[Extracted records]
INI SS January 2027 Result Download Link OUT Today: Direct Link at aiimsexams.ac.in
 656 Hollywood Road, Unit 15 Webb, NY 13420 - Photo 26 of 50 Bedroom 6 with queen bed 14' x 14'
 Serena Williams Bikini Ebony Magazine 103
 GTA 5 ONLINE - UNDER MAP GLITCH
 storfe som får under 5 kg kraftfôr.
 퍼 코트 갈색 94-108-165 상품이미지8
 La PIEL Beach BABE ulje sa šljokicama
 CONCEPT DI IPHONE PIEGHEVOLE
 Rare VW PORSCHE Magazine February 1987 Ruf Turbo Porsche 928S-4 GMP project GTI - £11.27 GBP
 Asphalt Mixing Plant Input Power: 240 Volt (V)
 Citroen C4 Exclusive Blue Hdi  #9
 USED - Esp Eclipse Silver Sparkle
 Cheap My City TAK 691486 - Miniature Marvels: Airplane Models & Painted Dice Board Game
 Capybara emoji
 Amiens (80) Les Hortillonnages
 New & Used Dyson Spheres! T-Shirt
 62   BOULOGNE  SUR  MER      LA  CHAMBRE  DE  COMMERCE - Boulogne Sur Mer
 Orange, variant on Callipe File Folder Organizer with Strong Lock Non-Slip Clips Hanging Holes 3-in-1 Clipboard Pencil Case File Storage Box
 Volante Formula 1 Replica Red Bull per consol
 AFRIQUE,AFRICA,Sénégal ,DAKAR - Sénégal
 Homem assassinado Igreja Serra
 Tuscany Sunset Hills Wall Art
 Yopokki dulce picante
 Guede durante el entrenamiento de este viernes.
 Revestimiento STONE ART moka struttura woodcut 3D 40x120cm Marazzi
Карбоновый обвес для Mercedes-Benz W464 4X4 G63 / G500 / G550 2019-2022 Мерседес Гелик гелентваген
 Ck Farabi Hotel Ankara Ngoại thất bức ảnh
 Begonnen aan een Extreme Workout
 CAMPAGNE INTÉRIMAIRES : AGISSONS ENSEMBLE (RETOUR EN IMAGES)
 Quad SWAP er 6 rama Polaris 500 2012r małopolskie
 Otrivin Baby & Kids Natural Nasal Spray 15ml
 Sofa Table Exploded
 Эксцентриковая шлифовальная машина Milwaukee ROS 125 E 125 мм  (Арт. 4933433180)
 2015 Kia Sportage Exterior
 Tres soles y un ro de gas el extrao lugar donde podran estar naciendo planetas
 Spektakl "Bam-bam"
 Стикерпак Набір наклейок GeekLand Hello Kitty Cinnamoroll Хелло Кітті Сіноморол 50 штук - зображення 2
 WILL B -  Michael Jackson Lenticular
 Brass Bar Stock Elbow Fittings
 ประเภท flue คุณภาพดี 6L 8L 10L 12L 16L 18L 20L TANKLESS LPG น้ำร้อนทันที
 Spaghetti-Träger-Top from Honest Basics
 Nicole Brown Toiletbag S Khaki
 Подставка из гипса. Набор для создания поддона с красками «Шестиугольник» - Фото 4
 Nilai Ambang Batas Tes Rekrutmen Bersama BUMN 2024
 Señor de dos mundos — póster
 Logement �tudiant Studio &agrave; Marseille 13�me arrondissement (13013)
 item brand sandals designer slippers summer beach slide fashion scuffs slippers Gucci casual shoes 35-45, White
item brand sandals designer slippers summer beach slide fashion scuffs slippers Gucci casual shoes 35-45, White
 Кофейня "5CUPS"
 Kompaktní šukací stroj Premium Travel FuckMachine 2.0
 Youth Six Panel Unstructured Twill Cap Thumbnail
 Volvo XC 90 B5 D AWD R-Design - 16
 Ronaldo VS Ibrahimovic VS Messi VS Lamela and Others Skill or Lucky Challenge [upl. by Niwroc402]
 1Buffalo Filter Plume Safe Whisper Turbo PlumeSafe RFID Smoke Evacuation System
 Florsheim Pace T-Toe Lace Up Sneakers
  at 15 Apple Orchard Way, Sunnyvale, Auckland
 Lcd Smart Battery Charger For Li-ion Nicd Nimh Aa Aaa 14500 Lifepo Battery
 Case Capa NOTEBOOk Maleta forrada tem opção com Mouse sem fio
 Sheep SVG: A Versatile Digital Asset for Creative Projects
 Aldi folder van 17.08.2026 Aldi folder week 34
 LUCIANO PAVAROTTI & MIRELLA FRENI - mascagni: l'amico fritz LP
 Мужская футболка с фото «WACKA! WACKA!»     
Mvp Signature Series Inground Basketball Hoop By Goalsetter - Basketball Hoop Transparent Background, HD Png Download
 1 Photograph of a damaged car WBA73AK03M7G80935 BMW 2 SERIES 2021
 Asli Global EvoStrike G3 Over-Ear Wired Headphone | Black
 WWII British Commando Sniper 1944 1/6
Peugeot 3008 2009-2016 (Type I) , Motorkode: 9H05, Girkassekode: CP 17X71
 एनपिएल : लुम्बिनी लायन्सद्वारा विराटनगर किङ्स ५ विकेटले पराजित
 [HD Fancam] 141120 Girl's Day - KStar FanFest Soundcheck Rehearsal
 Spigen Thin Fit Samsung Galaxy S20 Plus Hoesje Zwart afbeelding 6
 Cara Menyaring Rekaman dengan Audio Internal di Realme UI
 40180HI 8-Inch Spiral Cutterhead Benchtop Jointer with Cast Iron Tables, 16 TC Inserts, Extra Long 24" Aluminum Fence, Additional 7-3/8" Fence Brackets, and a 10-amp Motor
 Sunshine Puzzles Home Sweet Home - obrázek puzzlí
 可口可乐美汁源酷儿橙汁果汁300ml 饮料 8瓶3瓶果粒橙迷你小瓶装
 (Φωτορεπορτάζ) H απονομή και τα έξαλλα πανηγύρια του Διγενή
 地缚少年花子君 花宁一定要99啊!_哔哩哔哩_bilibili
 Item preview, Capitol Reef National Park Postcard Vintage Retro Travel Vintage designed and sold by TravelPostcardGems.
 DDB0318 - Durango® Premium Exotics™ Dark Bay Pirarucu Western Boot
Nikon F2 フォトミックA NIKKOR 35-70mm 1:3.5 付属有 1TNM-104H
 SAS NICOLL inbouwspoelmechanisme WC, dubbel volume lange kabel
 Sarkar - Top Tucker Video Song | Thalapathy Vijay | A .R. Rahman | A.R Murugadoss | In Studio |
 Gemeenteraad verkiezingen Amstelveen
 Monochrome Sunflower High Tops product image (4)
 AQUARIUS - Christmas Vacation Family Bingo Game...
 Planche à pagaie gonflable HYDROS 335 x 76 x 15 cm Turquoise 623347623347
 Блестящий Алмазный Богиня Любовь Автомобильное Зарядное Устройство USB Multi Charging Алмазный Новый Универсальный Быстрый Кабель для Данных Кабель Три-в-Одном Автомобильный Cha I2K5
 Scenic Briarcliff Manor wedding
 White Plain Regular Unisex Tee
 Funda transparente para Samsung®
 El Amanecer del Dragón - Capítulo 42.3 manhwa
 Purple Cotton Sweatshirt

→ Work required
Lines from the top of the entries above to the line that contains "2015 Kia Sportage Exterior" should be set down exactly, please, with both ends kept and nothing added.

→ Answer to this exercise
INI SS January 2027 Result Download Link OUT Today: Direct Link at aiimsexams.ac.in
 656 Hollywood Road, Unit 15 Webb, NY 13420 - Photo 26 of 50 Bedroom 6 with queen bed 14' x 14'
 Serena Williams Bikini Ebony Magazine 103
 GTA 5 ONLINE - UNDER MAP GLITCH
 storfe som får under 5 kg kraftfôr.
 퍼 코트 갈색 94-108-165 상품이미지8
 La PIEL Beach BABE ulje sa šljokicama
 CONCEPT DI IPHONE PIEGHEVOLE
 Rare VW PORSCHE Magazine February 1987 Ruf Turbo Porsche 928S-4 GMP project GTI - £11.27 GBP
 Asphalt Mixing Plant Input Power: 240 Volt (V)
 Citroen C4 Exclusive Blue Hdi  #9
 USED - Esp Eclipse Silver Sparkle
 Cheap My City TAK 691486 - Miniature Marvels: Airplane Models & Painted Dice Board Game
 Capybara emoji
 Amiens (80) Les Hortillonnages
 New & Used Dyson Spheres! T-Shirt
 62   BOULOGNE  SUR  MER      LA  CHAMBRE  DE  COMMERCE - Boulogne Sur Mer
 Orange, variant on Callipe File Folder Organizer with Strong Lock Non-Slip Clips Hanging Holes 3-in-1 Clipboard Pencil Case File Storage Box
 Volante Formula 1 Replica Red Bull per consol
 AFRIQUE,AFRICA,Sénégal ,DAKAR - Sénégal
 Homem assassinado Igreja Serra
 Tuscany Sunset Hills Wall Art
 Yopokki dulce picante
 Guede durante el entrenamiento de este viernes.
 Revestimiento STONE ART moka struttura woodcut 3D 40x120cm Marazzi
Карбоновый обвес для Mercedes-Benz W464 4X4 G63 / G500 / G550 2019-2022 Мерседес Гелик гелентваген
 Ck Farabi Hotel Ankara Ngoại thất bức ảnh
 Begonnen aan een Extreme Workout
 CAMPAGNE INTÉRIMAIRES : AGISSONS ENSEMBLE (RETOUR EN IMAGES)
 Quad SWAP er 6 rama Polaris 500 2012r małopolskie
 Otrivin Baby & Kids Natural Nasal Spray 15ml
 Sofa Table Exploded
 Эксцентриковая шлифовальная машина Milwaukee ROS 125 E 125 мм  (Арт. 4933433180)
 2015 Kia Sportage Exterior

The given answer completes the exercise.